The second major attempt at recreation was done by crossing Brunner Pouters with different Spanish Pouters such as Rafeño and Laudino. The end result was a bird that was 50% Brunner Pouter and 50% Spanish Pouter. These birds have no Horseman blood in them whatsoever, yet are being offered for sale on the internet as Horseman Pouters.

These birds are of poor Horseman type, looking like skinny Spanish Pouters with long legs. This mongrel continues to misrepresent Horseman Pouters by a very few in spite of condemnation by the North American Horseman Pouter Club. Despite all the genuine Scottish Horseman imported into North America these counterfeit crosses are still being peddled around the states as Horseman Pouters. The NAHPC does not recognize these cross breeds as genuine Horseman. 

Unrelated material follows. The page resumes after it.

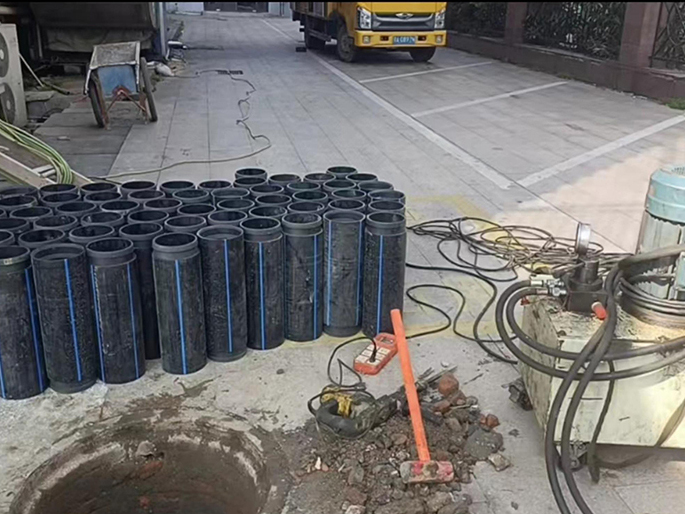 内黄PE置换管厂家 DN315置换管 非开挖管短管置换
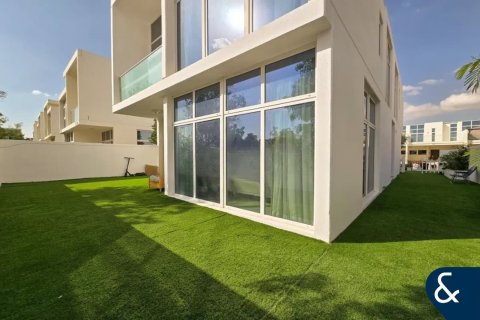 DAMAC Hills (Akoya by DAMAC), Dubai, UAE의 판매용 빌라 침실 6개, 322제곱미터 번호 697865 - 사진 2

If you are interested in genuine Horseman Pouters for exhibition or performance, do a complete research on the lineage of the birds offered to you, so you aren’t deceitfully sold these Horseman counterfeits. Again I am not the creator of these articles!!!


----------



## eddiebrown (Jun 23, 2011)

Can I get this transferred to the breeds information and identification section?


----------



## norwich (Jul 29, 2009)

Eddie make sure it is OK with Alan before you asked it to be used. I think that would be the courtesy owed to him


----------



## nancybird (Jan 30, 2011)

Very interesting bird.


----------



## eddiebrown (Jun 23, 2011)

Oh no! I wasnt thinking about that! Ill email him right now!


----------



## eddiebrown (Jun 23, 2011)

I emailed, its fine!


----------



## scmona (Sep 6, 2012)

Wow, those are interesting. Beautiful coloring.


----------



## pouterfly (Apr 16, 2012)

The Horseman pouter evolved in Scotland as a working thief pouter, selectively bred for the sport of catching other pouters by seducing them into their hut where they were then trapped. Working ability was valued above all else otherwise they would be caught by another pouter flyer and lost. In North America these birds are now bred for the show pen rather than pouter sport, they are no longer selected for working ability. Birds that most closely fit the show standard are valued highest, those that do not meet show standard requirements are valued least. 

I can't help but wonder if priorities change for the breed, why would these birds then not be referred to as Show Horseman? Is it not somewhat deceitfull to imply that these birds are the genuine thing if none of them have demonstrated the thieving abillity for which they were and still are bred for in Scotland? Without demonstrating and proving their working ability, should they not be classified as counterfeits? Other pigeon breeds have made this distinction of separating performance birds from the ones bred for show so that there is no confusion, should this not also apply to the Horseman? In my opinion if you breed Horseman for the show pen and no longer prove their ability to demonstrate their skill as thief pouters, they should be referred to as Show Horseman. It only makes sense.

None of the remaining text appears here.